### Directions
Count how many lines of the material contain the string "Road", then give that number and nothing more.

### Records to process
####################

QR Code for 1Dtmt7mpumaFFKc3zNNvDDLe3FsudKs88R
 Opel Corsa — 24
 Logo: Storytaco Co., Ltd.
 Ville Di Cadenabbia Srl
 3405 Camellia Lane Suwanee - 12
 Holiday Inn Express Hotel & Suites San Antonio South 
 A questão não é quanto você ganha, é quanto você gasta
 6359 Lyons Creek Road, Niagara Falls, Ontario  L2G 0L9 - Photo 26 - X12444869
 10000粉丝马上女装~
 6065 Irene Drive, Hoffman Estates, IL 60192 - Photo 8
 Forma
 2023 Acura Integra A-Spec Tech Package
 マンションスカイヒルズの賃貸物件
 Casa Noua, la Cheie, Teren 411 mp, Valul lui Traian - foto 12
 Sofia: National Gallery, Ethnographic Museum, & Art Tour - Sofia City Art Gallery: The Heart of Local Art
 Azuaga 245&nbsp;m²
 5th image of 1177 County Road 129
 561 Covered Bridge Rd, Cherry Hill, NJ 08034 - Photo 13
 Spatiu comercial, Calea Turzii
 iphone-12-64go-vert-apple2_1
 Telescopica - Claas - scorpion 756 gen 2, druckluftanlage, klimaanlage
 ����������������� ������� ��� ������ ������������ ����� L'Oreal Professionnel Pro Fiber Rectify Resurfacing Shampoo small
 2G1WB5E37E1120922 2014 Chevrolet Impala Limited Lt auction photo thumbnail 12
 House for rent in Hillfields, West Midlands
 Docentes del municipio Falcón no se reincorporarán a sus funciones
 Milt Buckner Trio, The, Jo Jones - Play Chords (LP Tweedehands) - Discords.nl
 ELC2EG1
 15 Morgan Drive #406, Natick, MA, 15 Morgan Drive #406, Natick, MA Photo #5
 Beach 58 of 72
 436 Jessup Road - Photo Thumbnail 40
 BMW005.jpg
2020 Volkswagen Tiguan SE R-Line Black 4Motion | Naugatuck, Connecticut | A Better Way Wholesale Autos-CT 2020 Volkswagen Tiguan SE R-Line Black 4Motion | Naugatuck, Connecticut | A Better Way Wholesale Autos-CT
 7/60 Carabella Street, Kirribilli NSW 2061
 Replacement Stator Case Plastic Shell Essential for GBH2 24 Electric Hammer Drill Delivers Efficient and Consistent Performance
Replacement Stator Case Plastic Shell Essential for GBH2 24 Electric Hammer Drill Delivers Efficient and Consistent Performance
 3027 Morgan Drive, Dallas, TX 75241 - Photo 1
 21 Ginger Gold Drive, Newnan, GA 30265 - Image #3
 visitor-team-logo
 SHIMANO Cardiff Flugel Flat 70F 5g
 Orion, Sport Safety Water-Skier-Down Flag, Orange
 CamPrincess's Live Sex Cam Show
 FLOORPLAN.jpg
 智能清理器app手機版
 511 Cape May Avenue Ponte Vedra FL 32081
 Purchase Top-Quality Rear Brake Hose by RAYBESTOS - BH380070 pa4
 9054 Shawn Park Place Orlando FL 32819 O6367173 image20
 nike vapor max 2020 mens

####################

### Solution for this exercise
3